(GOAL OF THE EXERCISE): Give back exactly the lines of the entries below from the line with "للاتصال علرقم ***********" to the line with "20 Marblehead Ave ##I - Photo 5 of 16", inclusive, and only those.

(INFORMATION PROVIDED):
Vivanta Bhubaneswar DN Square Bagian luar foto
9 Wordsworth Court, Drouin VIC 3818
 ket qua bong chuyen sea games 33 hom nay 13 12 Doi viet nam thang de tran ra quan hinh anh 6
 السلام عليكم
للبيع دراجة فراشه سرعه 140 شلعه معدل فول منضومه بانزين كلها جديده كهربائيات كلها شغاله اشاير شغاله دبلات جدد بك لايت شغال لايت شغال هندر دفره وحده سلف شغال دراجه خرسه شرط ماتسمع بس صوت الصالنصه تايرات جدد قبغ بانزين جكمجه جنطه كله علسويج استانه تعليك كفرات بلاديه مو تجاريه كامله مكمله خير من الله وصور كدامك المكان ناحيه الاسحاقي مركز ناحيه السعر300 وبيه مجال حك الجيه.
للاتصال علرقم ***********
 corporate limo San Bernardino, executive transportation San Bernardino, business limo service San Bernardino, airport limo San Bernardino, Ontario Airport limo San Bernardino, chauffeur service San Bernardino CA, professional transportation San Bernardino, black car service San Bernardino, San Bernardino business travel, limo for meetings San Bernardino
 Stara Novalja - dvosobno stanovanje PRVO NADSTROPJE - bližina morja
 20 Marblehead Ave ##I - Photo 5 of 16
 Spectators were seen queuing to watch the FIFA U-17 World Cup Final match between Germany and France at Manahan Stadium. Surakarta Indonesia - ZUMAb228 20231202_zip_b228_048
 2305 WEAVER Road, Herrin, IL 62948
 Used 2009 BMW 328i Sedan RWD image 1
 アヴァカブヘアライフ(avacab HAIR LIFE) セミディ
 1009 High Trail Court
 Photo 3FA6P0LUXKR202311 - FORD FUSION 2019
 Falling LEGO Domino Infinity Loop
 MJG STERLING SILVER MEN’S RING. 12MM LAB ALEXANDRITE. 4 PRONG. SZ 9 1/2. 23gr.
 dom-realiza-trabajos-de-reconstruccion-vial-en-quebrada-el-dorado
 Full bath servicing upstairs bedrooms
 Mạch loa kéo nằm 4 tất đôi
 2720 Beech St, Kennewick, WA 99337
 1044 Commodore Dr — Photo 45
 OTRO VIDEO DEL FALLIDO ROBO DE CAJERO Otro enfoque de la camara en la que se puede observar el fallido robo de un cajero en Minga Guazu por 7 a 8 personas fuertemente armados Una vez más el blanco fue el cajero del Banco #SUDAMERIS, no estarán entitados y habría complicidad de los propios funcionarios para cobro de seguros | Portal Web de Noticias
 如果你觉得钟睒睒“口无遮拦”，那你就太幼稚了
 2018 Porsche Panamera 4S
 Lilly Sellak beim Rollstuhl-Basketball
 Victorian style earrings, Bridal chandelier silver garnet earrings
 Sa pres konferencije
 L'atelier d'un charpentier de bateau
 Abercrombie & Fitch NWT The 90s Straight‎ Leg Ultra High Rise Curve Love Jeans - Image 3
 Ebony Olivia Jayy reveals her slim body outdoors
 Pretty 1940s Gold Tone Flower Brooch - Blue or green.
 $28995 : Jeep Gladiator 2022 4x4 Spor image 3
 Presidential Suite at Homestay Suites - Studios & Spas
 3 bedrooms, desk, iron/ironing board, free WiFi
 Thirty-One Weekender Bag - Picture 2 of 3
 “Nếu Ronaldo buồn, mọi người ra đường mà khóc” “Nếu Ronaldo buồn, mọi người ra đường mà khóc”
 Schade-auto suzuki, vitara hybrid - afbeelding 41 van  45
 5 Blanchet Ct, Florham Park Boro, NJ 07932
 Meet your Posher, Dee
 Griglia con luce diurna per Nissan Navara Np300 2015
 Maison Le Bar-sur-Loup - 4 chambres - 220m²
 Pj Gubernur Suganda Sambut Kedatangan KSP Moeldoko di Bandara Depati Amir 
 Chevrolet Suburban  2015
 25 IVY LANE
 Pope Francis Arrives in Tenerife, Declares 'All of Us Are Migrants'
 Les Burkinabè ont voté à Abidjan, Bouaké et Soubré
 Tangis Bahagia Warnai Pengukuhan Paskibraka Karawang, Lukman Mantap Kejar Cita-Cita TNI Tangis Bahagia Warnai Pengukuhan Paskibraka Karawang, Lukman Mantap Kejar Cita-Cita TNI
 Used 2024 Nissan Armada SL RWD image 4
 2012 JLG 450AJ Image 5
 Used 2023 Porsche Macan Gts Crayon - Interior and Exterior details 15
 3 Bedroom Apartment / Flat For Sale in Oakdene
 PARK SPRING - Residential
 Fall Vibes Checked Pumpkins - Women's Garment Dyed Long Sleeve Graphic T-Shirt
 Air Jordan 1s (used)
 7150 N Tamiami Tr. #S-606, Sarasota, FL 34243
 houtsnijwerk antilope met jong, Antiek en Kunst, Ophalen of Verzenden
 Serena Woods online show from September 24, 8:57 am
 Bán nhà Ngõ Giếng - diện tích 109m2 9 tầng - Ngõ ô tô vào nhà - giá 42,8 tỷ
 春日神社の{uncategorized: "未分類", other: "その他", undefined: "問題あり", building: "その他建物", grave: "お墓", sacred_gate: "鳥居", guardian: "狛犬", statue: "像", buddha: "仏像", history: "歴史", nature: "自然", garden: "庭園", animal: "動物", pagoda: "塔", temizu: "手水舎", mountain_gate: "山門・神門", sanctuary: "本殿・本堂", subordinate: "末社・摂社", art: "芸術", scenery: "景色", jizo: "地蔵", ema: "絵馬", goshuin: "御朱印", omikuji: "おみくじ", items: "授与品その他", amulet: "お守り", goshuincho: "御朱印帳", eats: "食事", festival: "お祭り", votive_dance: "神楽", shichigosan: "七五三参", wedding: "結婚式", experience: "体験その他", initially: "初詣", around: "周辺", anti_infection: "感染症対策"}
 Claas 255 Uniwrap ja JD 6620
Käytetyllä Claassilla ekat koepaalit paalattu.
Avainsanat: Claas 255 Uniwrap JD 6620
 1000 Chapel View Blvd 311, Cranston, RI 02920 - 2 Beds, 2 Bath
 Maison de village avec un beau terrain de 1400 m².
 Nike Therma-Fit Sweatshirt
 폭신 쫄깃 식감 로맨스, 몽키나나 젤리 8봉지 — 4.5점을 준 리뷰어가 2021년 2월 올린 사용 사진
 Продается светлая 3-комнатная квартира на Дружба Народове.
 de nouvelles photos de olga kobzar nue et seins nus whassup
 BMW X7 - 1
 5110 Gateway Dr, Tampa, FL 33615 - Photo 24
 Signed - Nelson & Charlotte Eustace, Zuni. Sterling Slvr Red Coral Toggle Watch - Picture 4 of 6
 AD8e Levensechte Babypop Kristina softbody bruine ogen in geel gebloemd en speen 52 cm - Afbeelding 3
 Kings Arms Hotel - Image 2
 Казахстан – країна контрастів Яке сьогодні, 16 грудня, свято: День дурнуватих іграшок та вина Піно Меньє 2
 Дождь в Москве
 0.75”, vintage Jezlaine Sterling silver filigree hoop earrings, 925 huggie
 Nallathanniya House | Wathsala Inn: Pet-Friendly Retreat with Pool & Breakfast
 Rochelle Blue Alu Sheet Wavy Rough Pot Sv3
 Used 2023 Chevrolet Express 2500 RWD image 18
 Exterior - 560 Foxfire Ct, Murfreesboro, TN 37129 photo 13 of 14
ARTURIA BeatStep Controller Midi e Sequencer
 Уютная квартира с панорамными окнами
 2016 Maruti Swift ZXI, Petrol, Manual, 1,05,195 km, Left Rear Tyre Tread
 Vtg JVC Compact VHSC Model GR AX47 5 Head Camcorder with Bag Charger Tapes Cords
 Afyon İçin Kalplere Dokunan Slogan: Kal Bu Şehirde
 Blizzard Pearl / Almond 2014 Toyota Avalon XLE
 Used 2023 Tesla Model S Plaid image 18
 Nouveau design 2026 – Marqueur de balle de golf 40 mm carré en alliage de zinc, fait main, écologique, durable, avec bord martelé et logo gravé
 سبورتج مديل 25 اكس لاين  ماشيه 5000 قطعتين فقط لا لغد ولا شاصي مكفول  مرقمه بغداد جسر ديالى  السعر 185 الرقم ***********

(REPLY):
للاتصال علرقم ***********
 corporate limo San Bernardino, executive transportation San Bernardino, business limo service San Bernardino, airport limo San Bernardino, Ontario Airport limo San Bernardino, chauffeur service San Bernardino CA, professional transportation San Bernardino, black car service San Bernardino, San Bernardino business travel, limo for meetings San Bernardino
 Stara Novalja - dvosobno stanovanje PRVO NADSTROPJE - bližina morja
 20 Marblehead Ave ##I - Photo 5 of 16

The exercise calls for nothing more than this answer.